X = 2rand(1000, 5) .+ 0.1
y = @. 1/X[:, 1:3]

my_inv(x) = 1/x

model = MultitargetSRRegressor(; binary_operators=[+, *], unary_operators=[my_inv])
mach = machine(model, X, y)
fit!(mach)

The report gives us lists of expressions instead:

r = report(mach)
for i in 1:3
    println("y[$(i)] = ", r.equations[i][r.best_idx[i]])
end

4. Plotting an expression

For now, let's consider the expressions for output 1 from the previous example: We can get a SymbolicUtils version with:

using SymbolicUtils

eqn = node_to_symbolic(r.equations[1][r.best_idx[1]])

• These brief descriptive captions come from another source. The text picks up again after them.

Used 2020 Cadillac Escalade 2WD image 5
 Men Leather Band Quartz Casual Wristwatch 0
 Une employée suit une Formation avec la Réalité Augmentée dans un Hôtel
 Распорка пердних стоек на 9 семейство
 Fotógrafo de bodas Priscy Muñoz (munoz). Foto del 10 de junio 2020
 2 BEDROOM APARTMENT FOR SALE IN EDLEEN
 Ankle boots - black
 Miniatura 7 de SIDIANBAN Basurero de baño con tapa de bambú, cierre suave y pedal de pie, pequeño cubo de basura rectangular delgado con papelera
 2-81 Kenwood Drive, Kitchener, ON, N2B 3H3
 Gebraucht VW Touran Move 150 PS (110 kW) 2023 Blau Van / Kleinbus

We can get the LaTeX version with Latexify:

using Latexify

latexify(string(eqn))

We can also plot the prediction against the truth:

using Plots

ypred = predict(mach, X)
scatter(y[1, :], ypred[1, :], xlabel="Truth", ylabel="Prediction")

5. Other types

SymbolicRegression.jl can handle most numeric types you wish to use. For example, passing a Float32 array will result in the search using 32-bit precision everywhere in the codebase:

X = 2randn(Float32, 1000, 5)
y = @. 2*cos(X[:, 4]) + X[:, 1]^2 - 2

model = SRRegressor(binary_operators=[+, -, *, /], unary_operators=[cos], niterations=30)
mach = machine(model, X, y)
fit!(mach)

we can see that the output types are Float32:

r = report(mach)
best = r.equations[r.best_idx]
println(typeof(best))
# Expression{Float32,Node{Float32},...}

We can also use Complex numbers (ignore the warning from MLJ):

cos_re(x::Complex{T}) where {T} = cos(abs(x)) + 0im

X = 15 .* rand(ComplexF64, 1000, 5) .- 7.5
y = @. 2*cos_re((2+1im) * X[:, 4]) + 0.1 * X[:, 1]^2 - 2

model = SRRegressor(
    binary_operators=[+, -, *, /],
    unary_operators=[cos_re],
    maxsize=30,
    niterations=100
)
mach = machine(model, X, y)
fit!(mach)

6. Dimensional constraints

One other feature we can exploit is dimensional analysis. Say that we know the physical units of each feature and output, and we want to find an expression that is dimensionally consistent.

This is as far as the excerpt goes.